Is my streaming replica a backup?
No, and this is the most dangerous misconception in PostgreSQL operations. A replica copies every change, including mistakes, to the standby in real time. An accidental DROP TABLE or an un-WHERE-d DELETE is replicated to the standby within milliseconds. Only a point-in-time backup lets you recover to the moment before the error. Replicas protect against hardware failure; backups protect against data loss. You need both.
What is the difference between the base-backup age and the recovery point?

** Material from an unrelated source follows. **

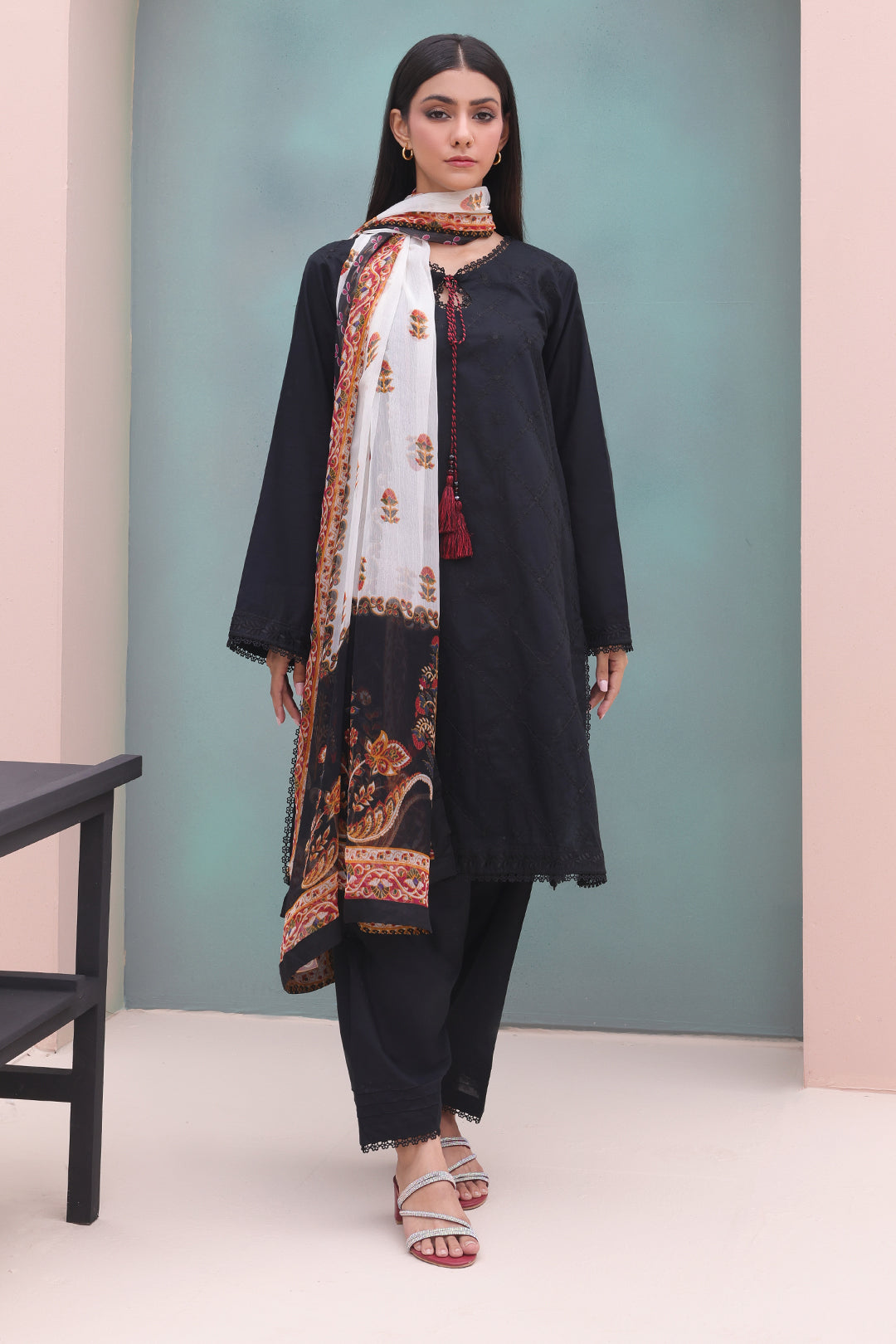 Zellbury | Unstitched 3 Piece Cambric | Embroidered Shirt Shalwar Dupatta - 0605 - House Of Hania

The base backup is your anchor: a full physical copy at a point in time. WAL archiving lets you replay forward from that anchor to any later moment (PITR). So your real recovery point is base-backup time plus the latest archived WAL. The card headlines base-backup age because you cannot recover without it, and shows WAL-archive recency in the drill-down because that determines how far forward you can replay. Healthy backups need both to be current.
Why is the default alert 72 hours? I back up daily.
72 hours is a deliberately loose floor so the card does not nag teams with weekly or infrequent backup policies. If you back up daily (or continuously via WAL), tighten the threshold in the Sensitivity tab to match: a daily-backup shop should probably alert at 26 to 30 hours so a single missed night is caught immediately rather than after three. The 72-hour default catches catastrophic neglect; your real RPO should drive the actual threshold.
On RDS the card looks very recent even though I have not configured anything. Why?
RDS and Aurora run automated daily snapshots plus continuous transaction-log backup by default (within your configured retention window), so LatestRestorableTime is typically only a few minutes behind live. The engine reads that, so the card looks healthy out of the box. The caveat: confirm your backup retention period is long enough for your needs and that you have not disabled automated backups, which on RDS also disables PITR.
A long base backup overlapped my backup window and the next one was skipped. Does that count as a failure?
If the next scheduled backup did not run or did not complete successfully, the clock keeps ticking from the last successful one, so yes, it will eventually push the age up. A base backup that takes longer than the interval between backups is itself a warning sign (the dataset has outgrown the backup method or the storage is too slow). Consider incremental / differential backups (pgBackRest supports these) so each run is fast and the full is taken less often.
Does this card verify I can restore, or just that a backup exists?
Where your backup tool exposes a verification or integrity result, the card counts only verified backups as successful, so it is closer to “restorable” than “exists”. But true confidence only comes from an actual test restore into a scratch instance. If your pipeline does not test-restore, treat the figure as “last completed backup” and add a periodic restore test. A backup you have never restored is a hypothesis, not a guarantee.